▶ [TASK REQUIREMENTS]: From the line containing "Juego De Uñas" to the line containing "BVLGARI Metallic Serpenti" in the entries below, reproduce every line exactly, ends included. Nothing else belongs in the copy, and no pictures.

▶ [STUDY MATERIAL]:

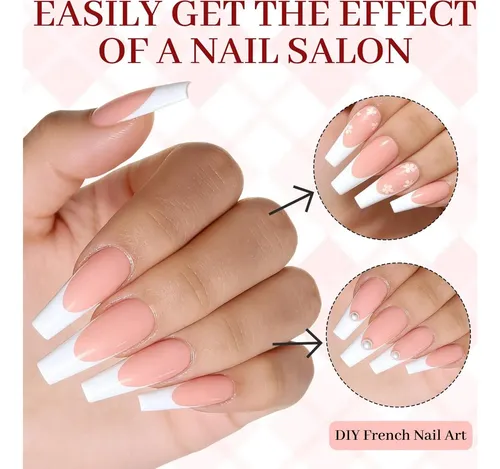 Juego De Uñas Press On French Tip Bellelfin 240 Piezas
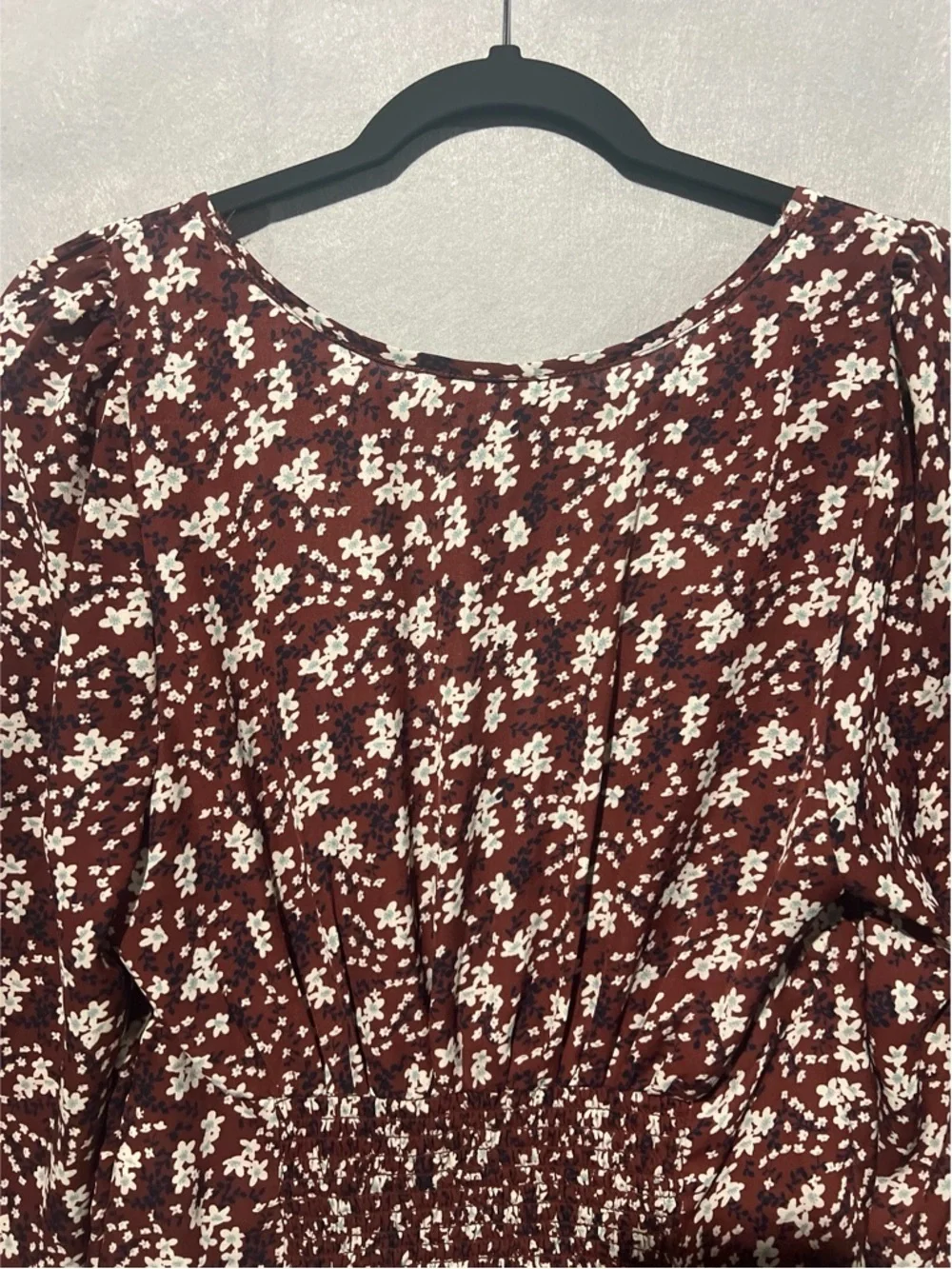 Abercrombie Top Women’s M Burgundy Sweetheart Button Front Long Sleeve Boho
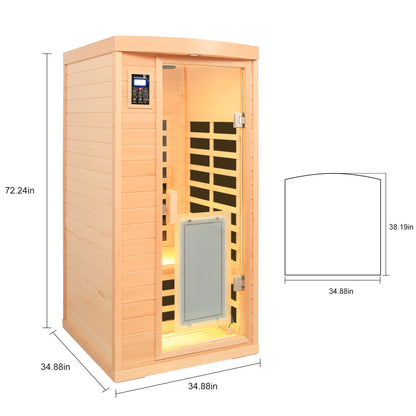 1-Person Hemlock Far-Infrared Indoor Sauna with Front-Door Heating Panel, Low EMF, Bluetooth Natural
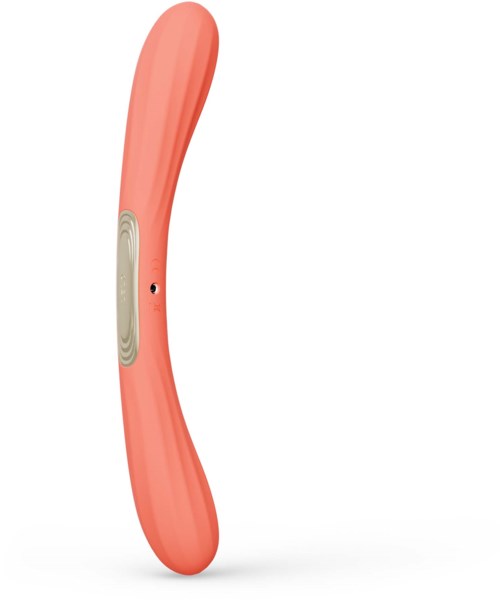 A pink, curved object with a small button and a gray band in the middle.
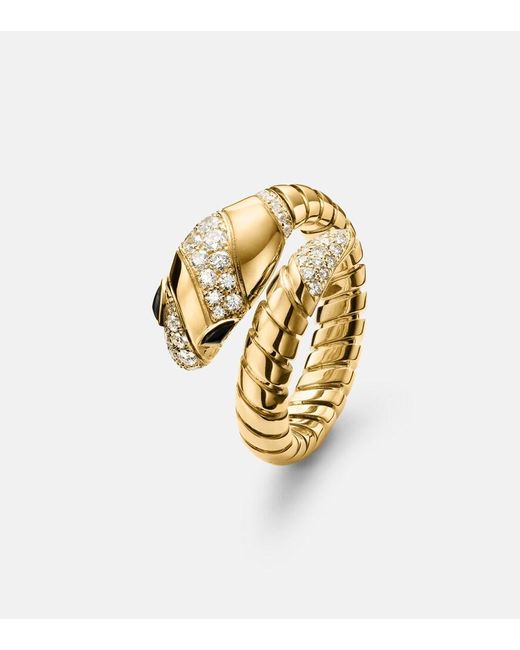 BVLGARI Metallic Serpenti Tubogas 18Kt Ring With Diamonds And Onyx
==
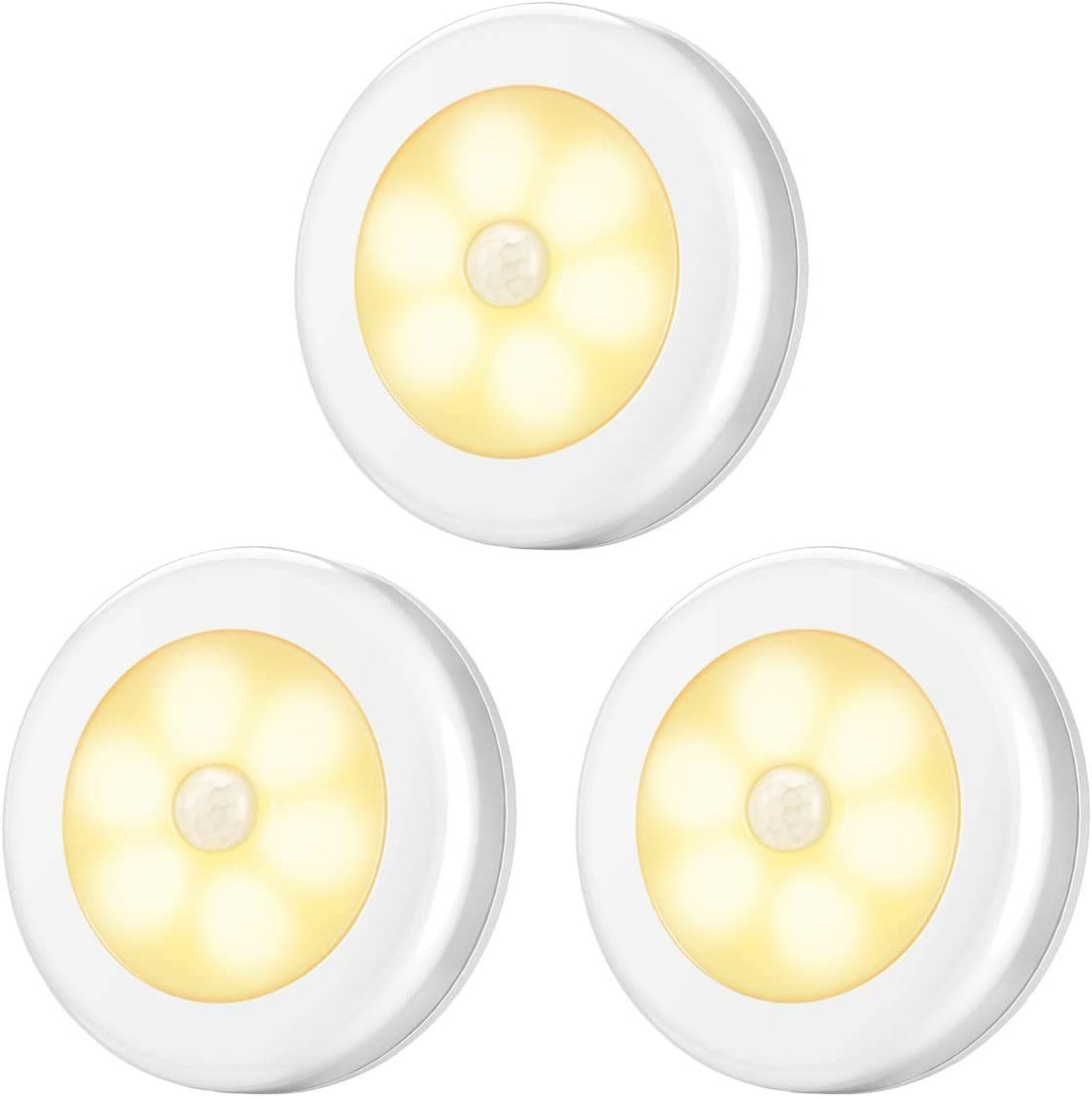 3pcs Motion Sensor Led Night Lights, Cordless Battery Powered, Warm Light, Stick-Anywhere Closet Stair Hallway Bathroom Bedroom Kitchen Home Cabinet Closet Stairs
...
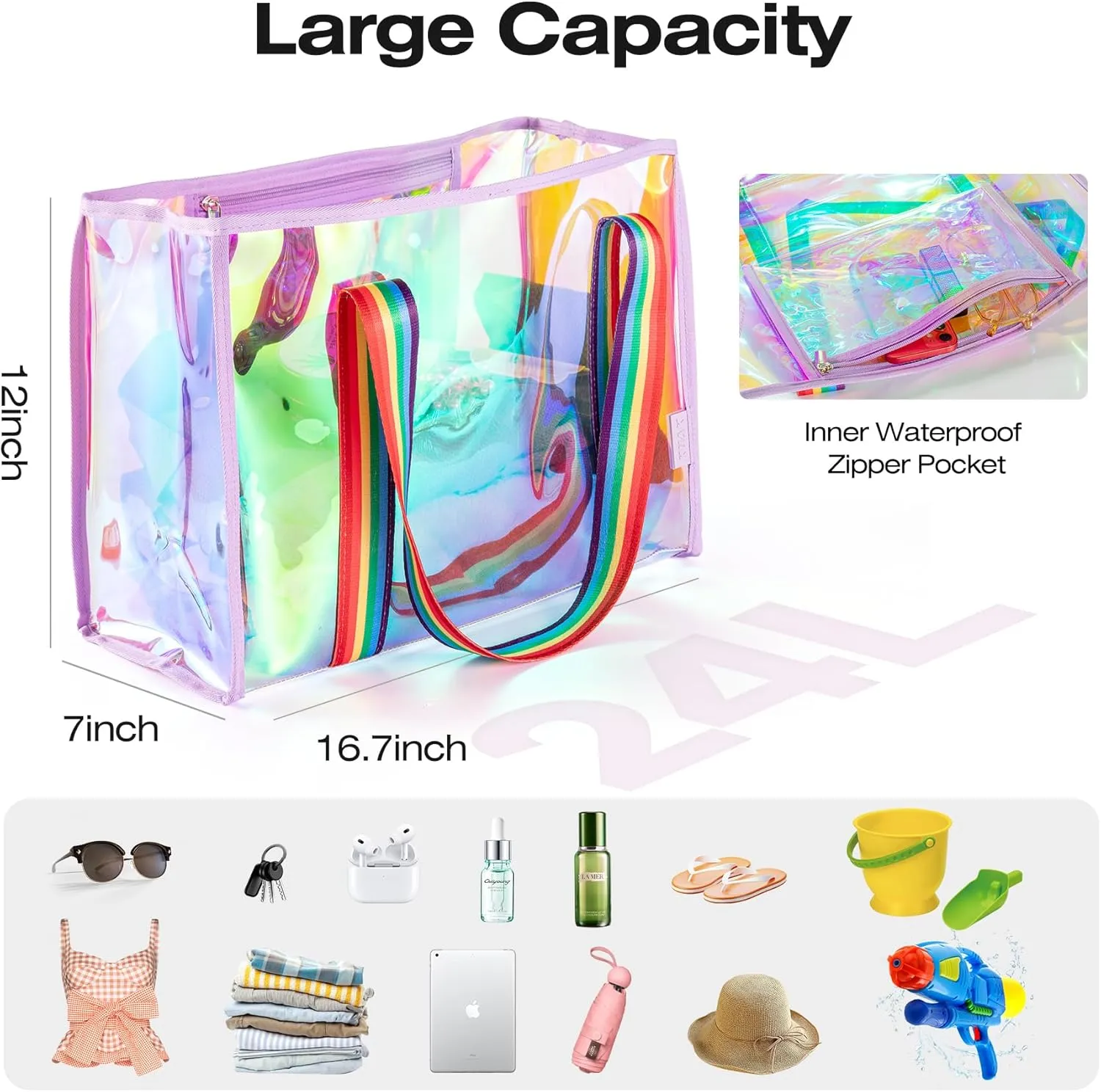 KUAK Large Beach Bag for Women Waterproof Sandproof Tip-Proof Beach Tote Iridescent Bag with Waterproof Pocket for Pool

▶ [WRITTEN RESPONSE]:
 Juego De Uñas Press On French Tip Bellelfin 240 Piezas
 Abercrombie Top Women’s M Burgundy Sweetheart Button Front Long Sleeve Boho
 1-Person Hemlock Far-Infrared Indoor Sauna with Front-Door Heating Panel, Low EMF, Bluetooth Natural
 A pink, curved object with a small button and a gray band in the middle.
 BVLGARI Metallic Serpenti Tubogas 18Kt Ring With Diamonds And Onyx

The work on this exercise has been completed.